## SOURCE DATA
####################

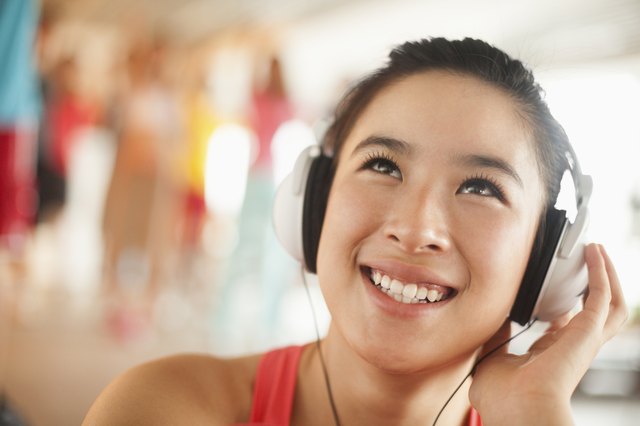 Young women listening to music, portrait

####################

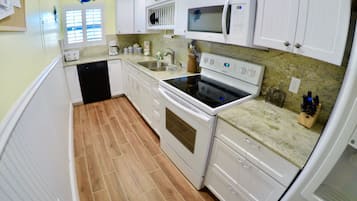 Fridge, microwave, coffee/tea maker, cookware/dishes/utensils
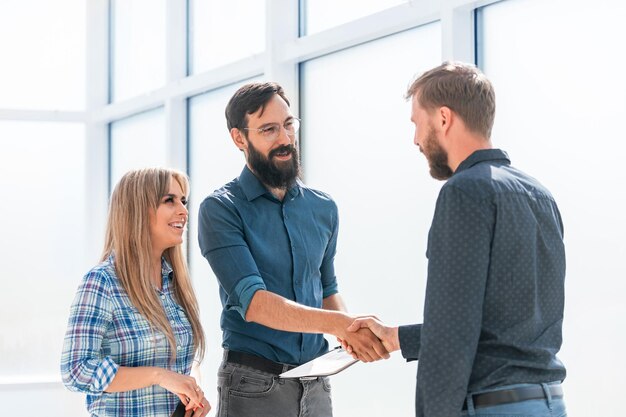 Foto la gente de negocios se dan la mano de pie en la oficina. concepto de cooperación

####################

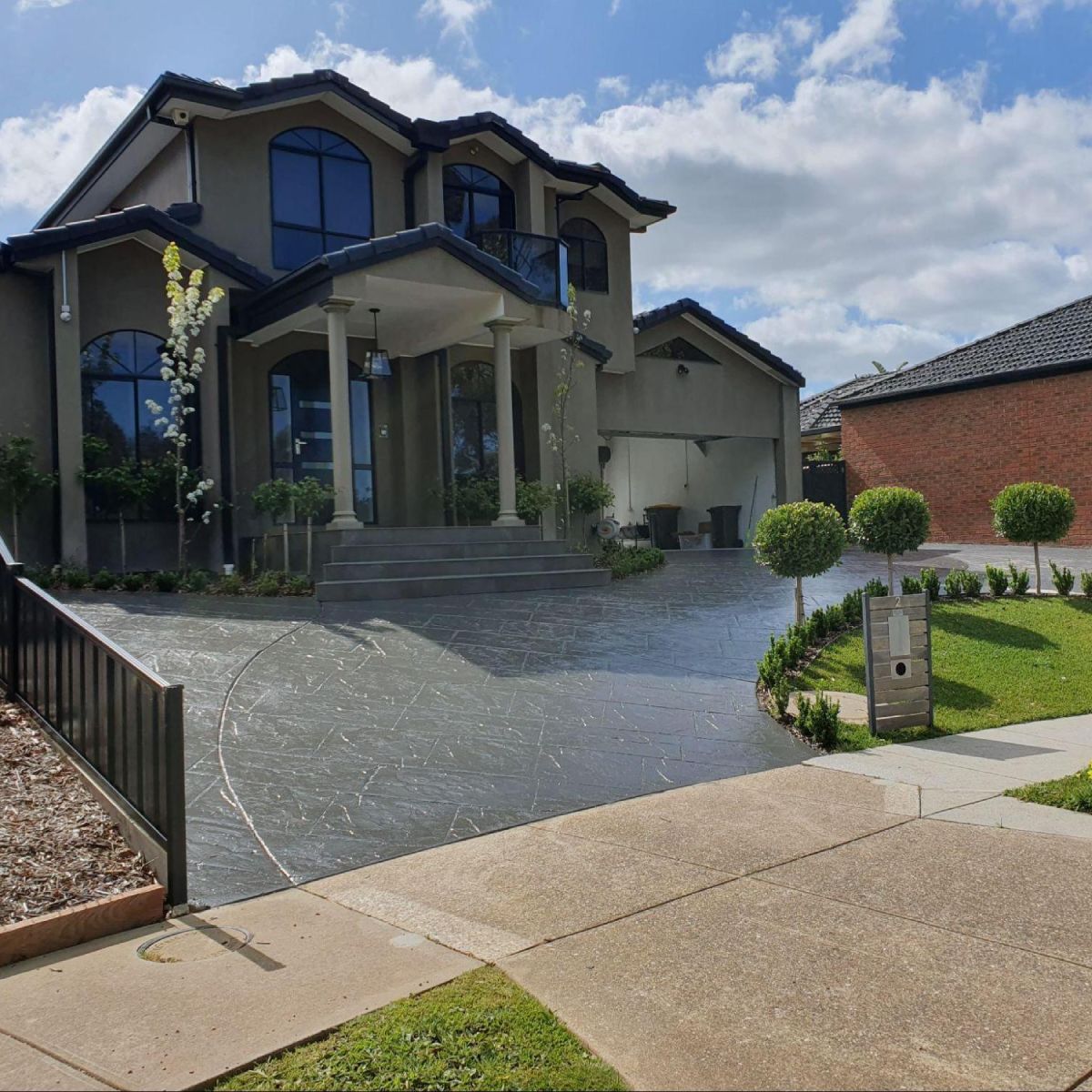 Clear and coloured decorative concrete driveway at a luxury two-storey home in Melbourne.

####################

## DESCRIPTION OF THE TASK
Word for word, repeat the lines above from the one with "Fridge, microwave, coffee/tea" through the one with "Foto la gente", and nothing beyond them. Omit the pictures.

## PROBLEM SOLUTION
 Fridge, microwave, coffee/tea maker, cookware/dishes/utensils
 Foto la gente de negocios se dan la mano de pie en la oficina. concepto de cooperación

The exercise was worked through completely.